A recent survey by AAA found that nearly 80 percent of the respondents admitted to expressing significant anger behind the wheel.

Tailgating on Expressway-Photo courtesy AAA Foundation for Traffic Safety

Tailgating on Expressway-Photo courtesy AAA Foundation for Traffic Safety

The survey, conducted by the AAA Foundation for Traffic Safety, also found that nearly half of the 2,705 drivers surveyed admitted to taking the following actions when behind the wheel:

  • 51% — Tailgating on purpose
  • 47% — Yelling at another driver
  • 45% — Honking to show anger or annoyance
  • 33% — Making angry gestures
  • 24% — Trying to block another driver’s lane change
  • 12% — Cutting off another vehicle on purpose
  • 4% — Leaving the vehicle to confront another driver
  • 3% — Hitting another vehicle

What’s most concerning is that so many people display some aggressive tendencies on the road. Nine out of 10 people believe that aggressive drivers are a serious threat, according to the survey. In fact, the AAA Foundation for Traffic Safety found that in more than half of all fatal crashes, aggressive driving is a contributing factor.

What can you do to help curb aggressive driving? Here are 10 tips to get you started.

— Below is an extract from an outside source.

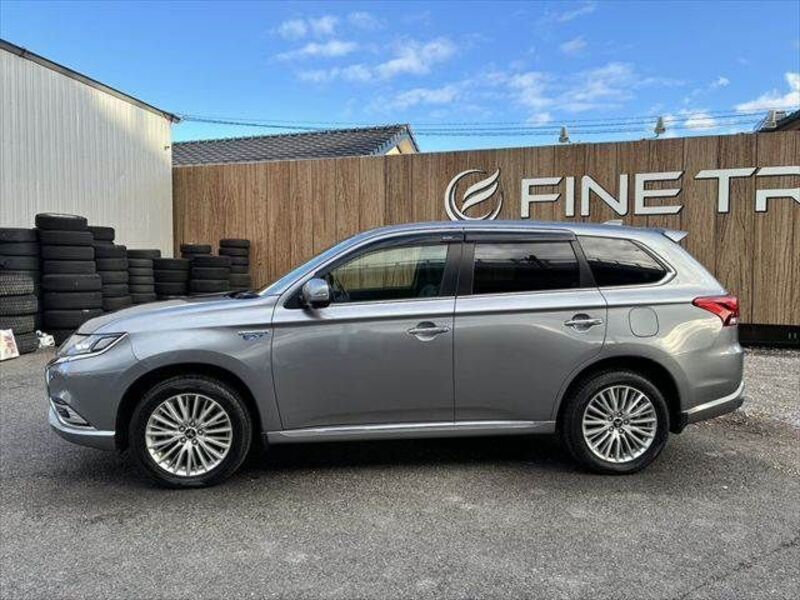 OUTLANDER PHEV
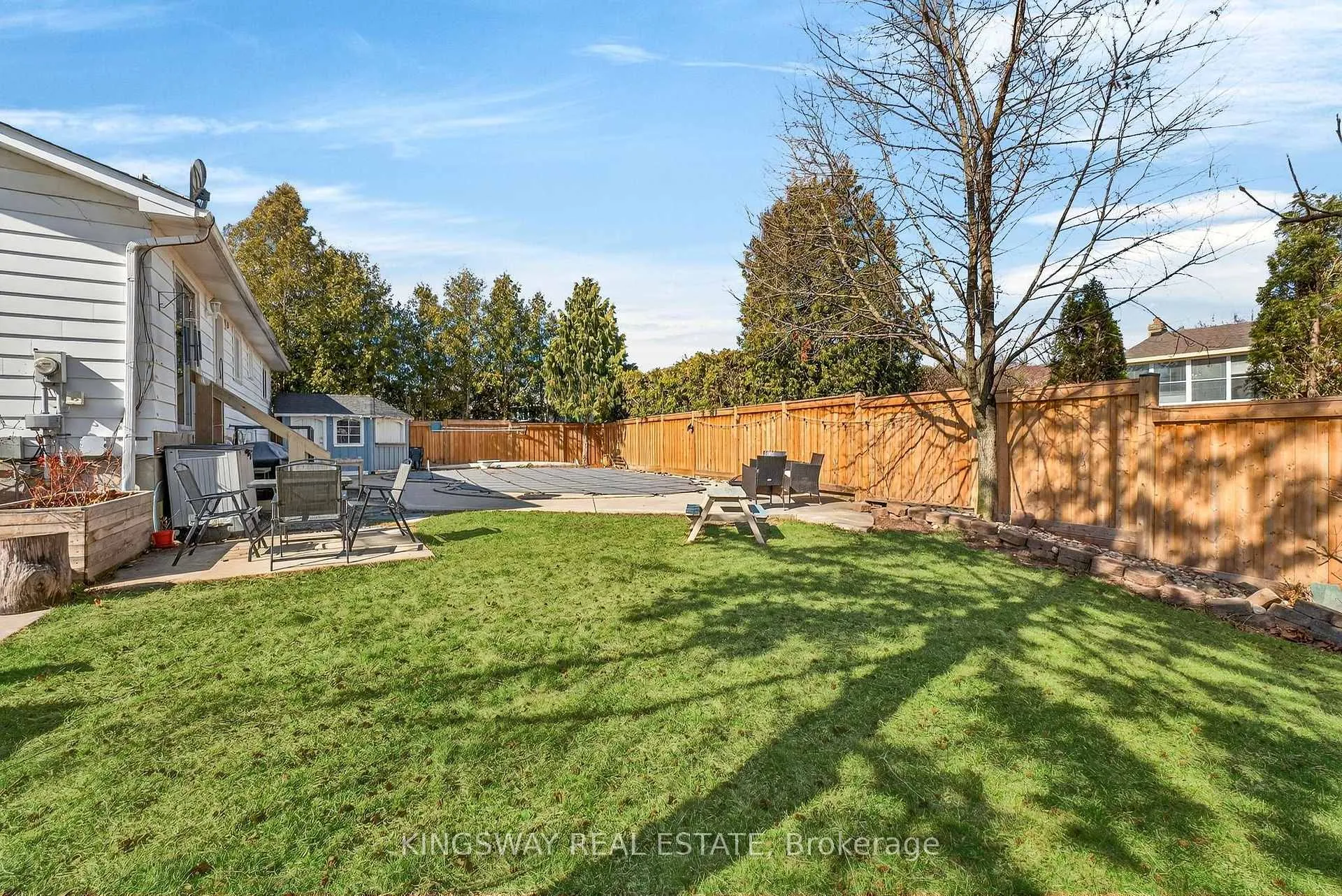 Photo 39 of 602 Clare Place S, Burlington, Shoreacres — HOMEH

  1. Be aware. The first step to preventing aggressive driving is to know what you’re feeling before you get behind the wheel. Never drive when you are angry, upset, sad, feeling ill or just received bad news. You need time to calm down so that you can drive safely and responsibly, not take your frustrations and anger out on other drivers.
  2. Look first before switching lanes. You want to make sure you have sufficient space to change lanes. Then use your turn signal so other drivers know what you’re about to do. This will help cut down on inadvertently offending other drivers and ratcheting up their anger and impatience at your thoughtless maneuver.
  3. Stay to the right if you’re going slow. This is common courtesy. The left lane is for passing and faster driving. The right lane is for those drivers who are going to exit or are want to drive at slower speeds.
  4. Beware of the tendency to tailgate. No one likes a tailgater, so don’t do this yourself. If you find yourself creeping up on another vehicle, slow down so you don’t follow too closely.
  5. Be on the lookout for speeding, aggressive, tailgating drivers. Steer clear of them to avoid any unpleasant or dangerous confrontations.
  6. Never engage with an aggressive driver. Reacting is just inviting confrontation, which could quickly escalate into a dangerous situation.
  7. Contact the police immediately if you are confronted and the situation gets out of hand. Your safety, and that of your passengers, could be at stake.
  8. Resist the urge to take another driver’s actions personally. Maybe they’re having a bad day, there’s a reason for their actions or they don’t realize what they’re doing. You don’t know what might be going on in their life, so try to give them the benefit of the doubt and don’t overreact.
  9. Forget pride behind the wheel. Concentrate on driving safely and courteously rather than being right or being treated courteously by other drivers.
  10. Don’t be afraid to get professional help if you believe you have problems with aggressive behavior behind the wheel. Emotional issues can cloud anyone’s judgment. Personal tragedy, misfortune and disappointments in life can be dealt with, if you seek help from an objective professional.
Angryolderdriver-AAA Foundation for Traffic Safety

Angry older driver-AAA Foundation for Traffic Safety

Find out if you’re an aggressive driver

How do you deal with life’s everyday frustrations? Do you sometimes feel like you want to bump the car ahead because the driver is being discourteous, cutting off other drivers, making obscene gestures, weaving in and out of traffic, or tailgating?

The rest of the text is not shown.